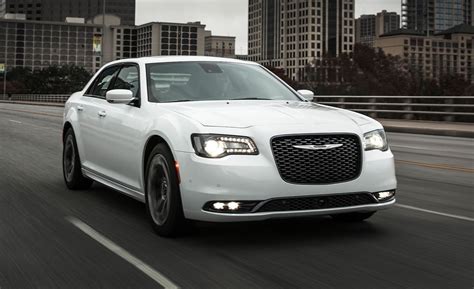 2015 Chrysler 300 V 8 First Drive Review Car And Driver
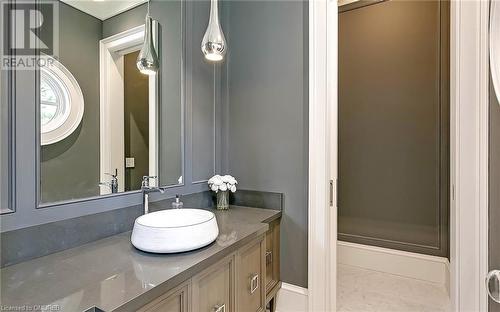 27 Park Avenue, Oakville, ON - Indoor Photo Showing Bathroom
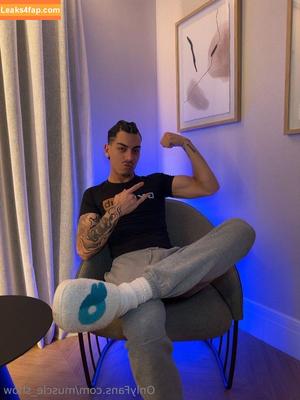 muscle_show photo #0012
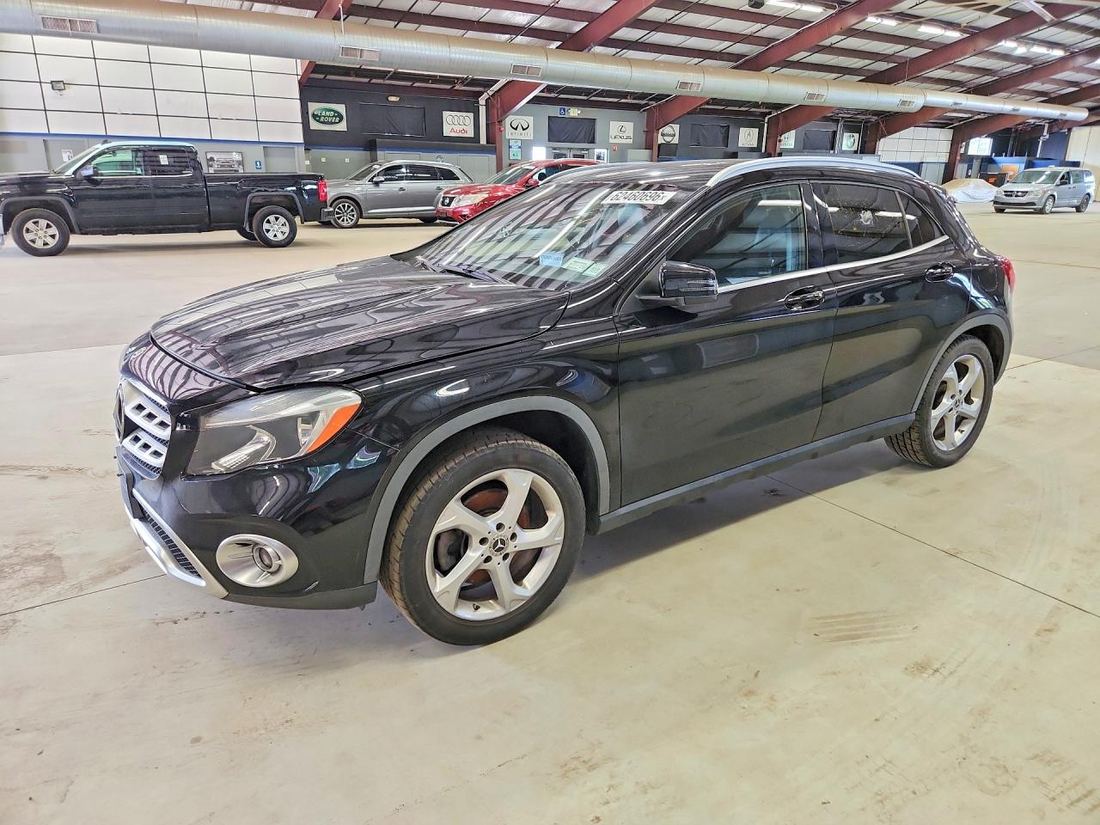 2020 MERCEDES-BENZ GLA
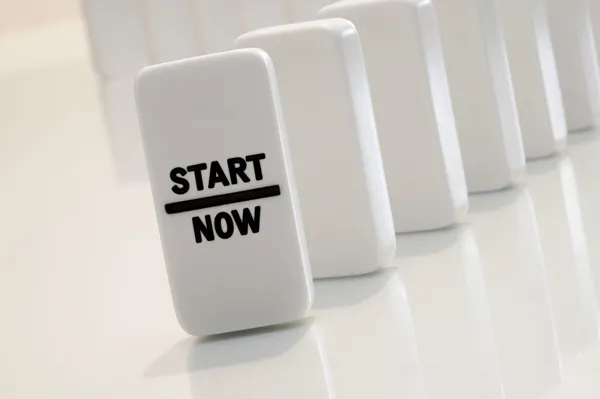 白色骨牌 start now
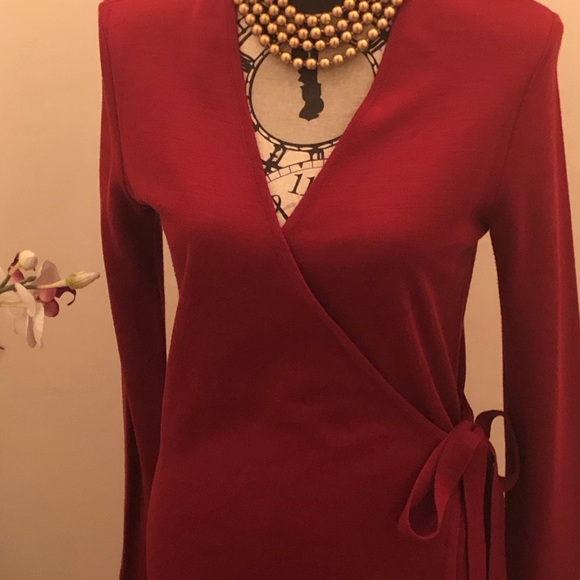 Burgundy wrap dress, size M, fits beautifully - Picture 2 of 5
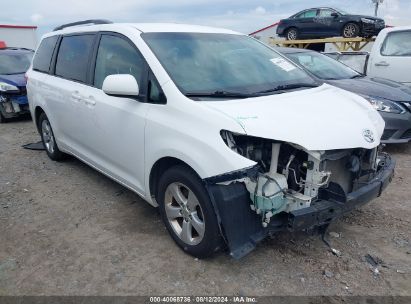 2015 TOYOTA SIENNA LE 8 PASSENGER White  Gasoline 5TDKK3DC9FS629688 photo #1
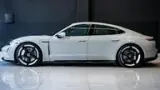 Porsche Taycan - Miniatura 11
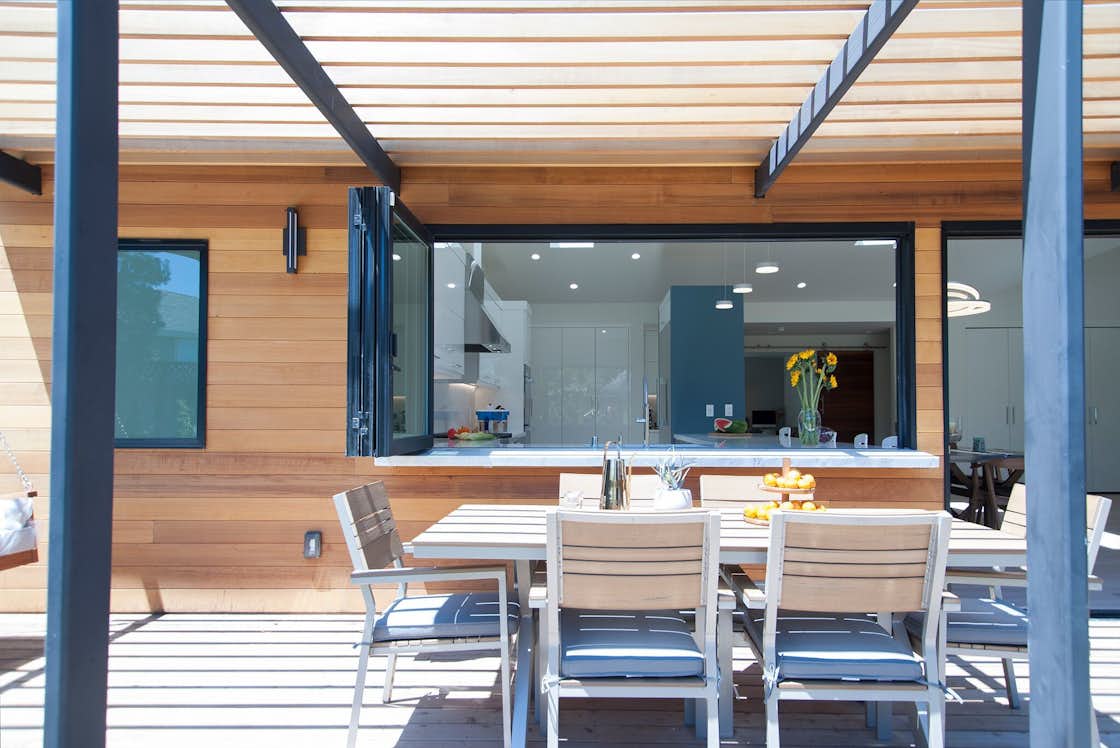 3 Dynamic Solutions For Championing Seamless Indoor-Outdoor Living in ...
***
» EXERCISE REQUIREMENTS:
Transcribe exactly the lines from the one holding "Burgundy wrap dress, size" through the final line of the material above, both ends included; any pictures should be dropped.

» FINISHED TASK:
 Burgundy wrap dress, size M, fits beautifully - Picture 2 of 5
 2015 TOYOTA SIENNA LE 8 PASSENGER White  Gasoline 5TDKK3DC9FS629688 photo #1
 Porsche Taycan - Miniatura 11
 3 Dynamic Solutions For Championing Seamless Indoor-Outdoor Living in ...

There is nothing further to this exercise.